Pulmonary Hypertension Flashcards
Key Features
- Endothelin thought to play a key role in pathogenesis of PAH.
- Primary
It is more common in females and typically presents between the ages of 30-50 years - Secondary
cardiac disease- congenital heart defects such as ASD;
heart valve problems such as mitral stenosis
Lung disease - COPD, pulmonary fibrosis
Symptoms
- Breathlessness - progressive exertional dyspnoea is the classical presentation
- Weakness / lethargy
- Exertional dizziness
- Syncope
- Anginal chest pain
Signs
- Raised JVP with large V wave
- Right ventricular heave
- Loud P2
- Murmur of Tricuspid Regurgitation (pan-systolic murmur at the left sternal edge)

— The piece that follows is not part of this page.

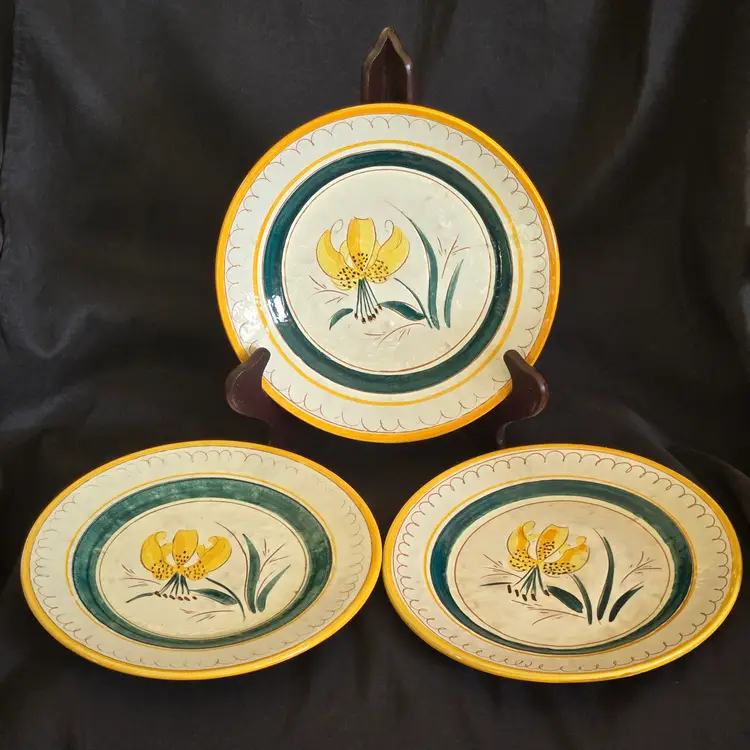Stangl Pottery Terra Rose Garden Flower Yellow Iris Dinner Plates 9¼"Diameter set of 3 Vintage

- Fixed or reverse split 2nd heart sound
- Peripheral oedema
Sometimes: Murmur of pulmonary or mitral regurgitation Pulsatile hepatomegaly Ascites Cyanosis
5 Groups
Group 1: Pulmonary arteriolar hypertension (PAH), which can be idiopathic (IPAH) or associated with other conditions, notably systemic sclerosis and CHD
Group 2: Pulmonary hypertension owing to left heart disease (PH-LHD)
Group 3: Pulmonary hypertension owing to lung disease or hypoxia (PH-Lung), or both
Group 4: Chronic thromboembolic pulmonary hypertension (CTEPH)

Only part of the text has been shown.